(Data in this exercise)

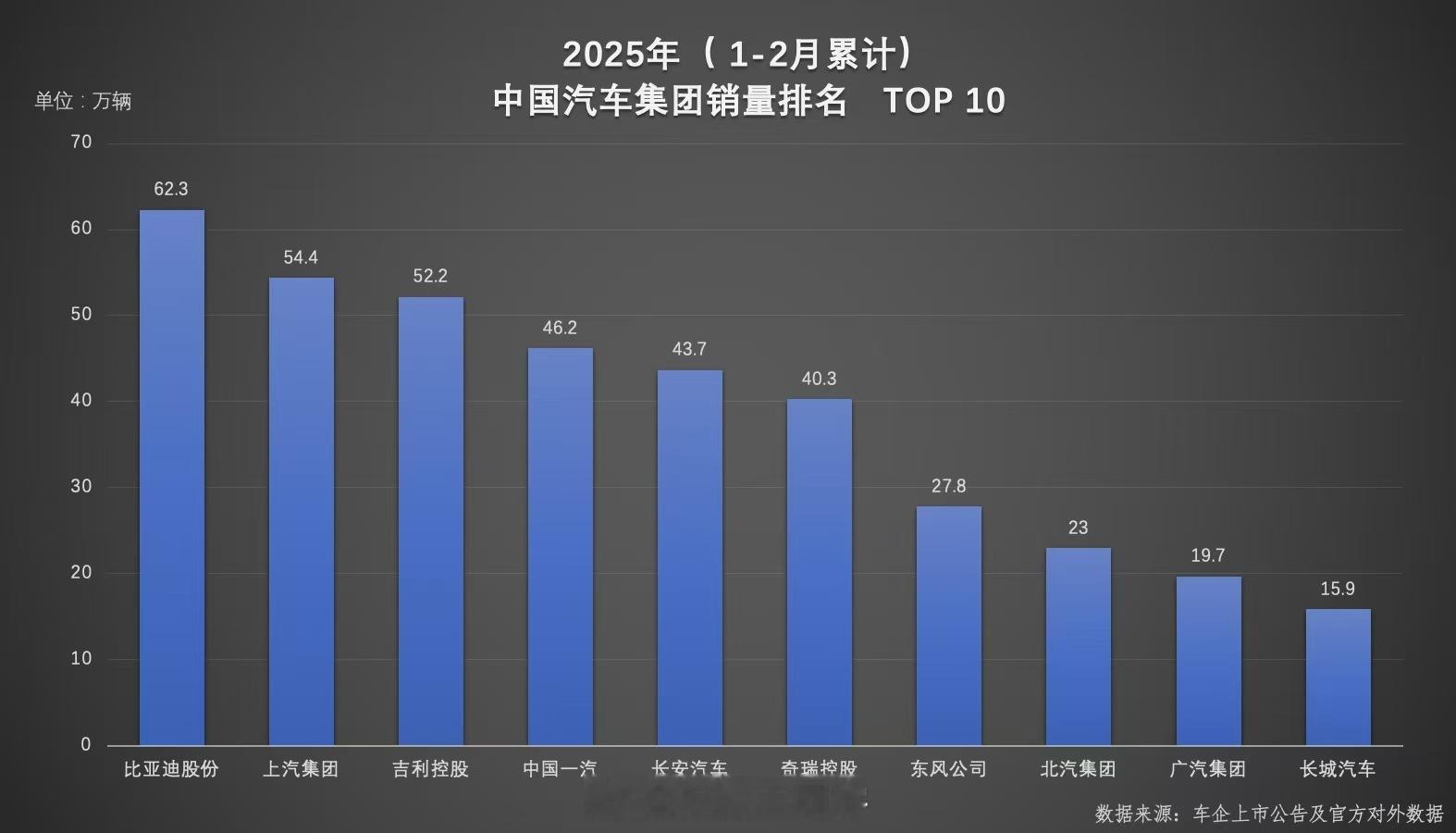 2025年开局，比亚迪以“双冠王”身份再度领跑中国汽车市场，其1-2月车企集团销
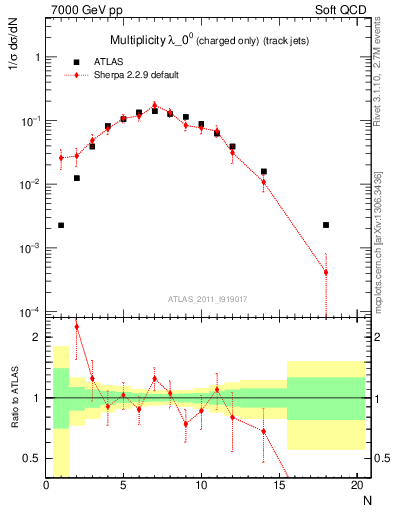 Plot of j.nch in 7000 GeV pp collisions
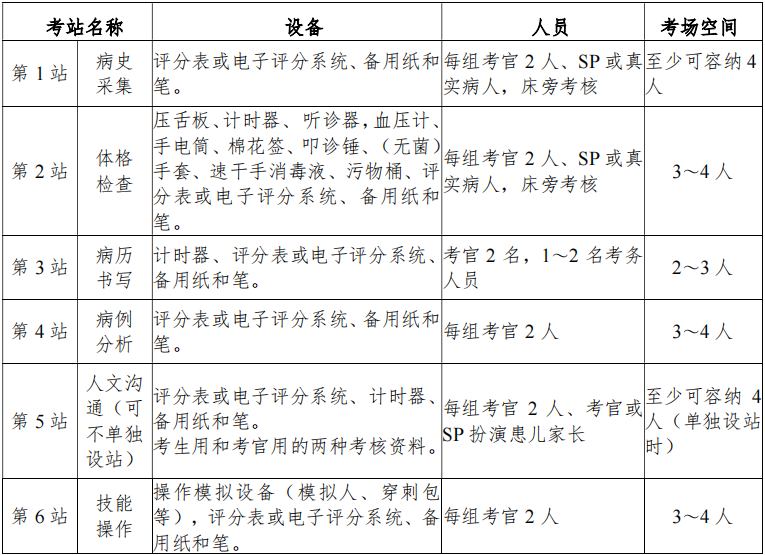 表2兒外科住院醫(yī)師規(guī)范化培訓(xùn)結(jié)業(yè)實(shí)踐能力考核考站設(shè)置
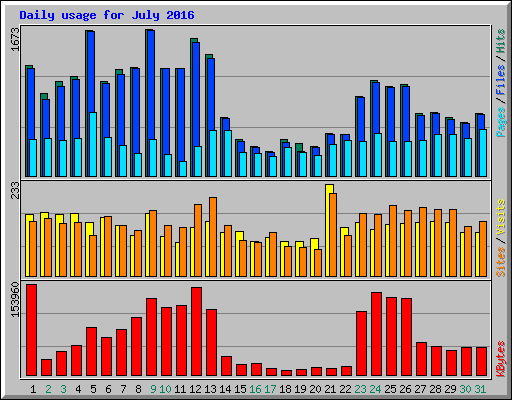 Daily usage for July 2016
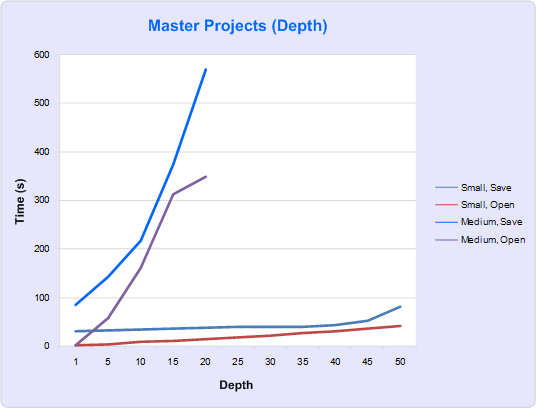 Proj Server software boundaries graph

(End Data in this exercise)

**About this task:** Restate word for word the lines above that start at the line containing "Plot of j.nch in 7000 GeV pp collisions" and run to the end of the listing; exclude the pictures.

**Task result:**
 Plot of j.nch in 7000 GeV pp collisions
 表2兒外科住院醫(yī)師規(guī)范化培訓(xùn)結(jié)業(yè)實(shí)踐能力考核考站設(shè)置
 Daily usage for July 2016
 Proj Server software boundaries graph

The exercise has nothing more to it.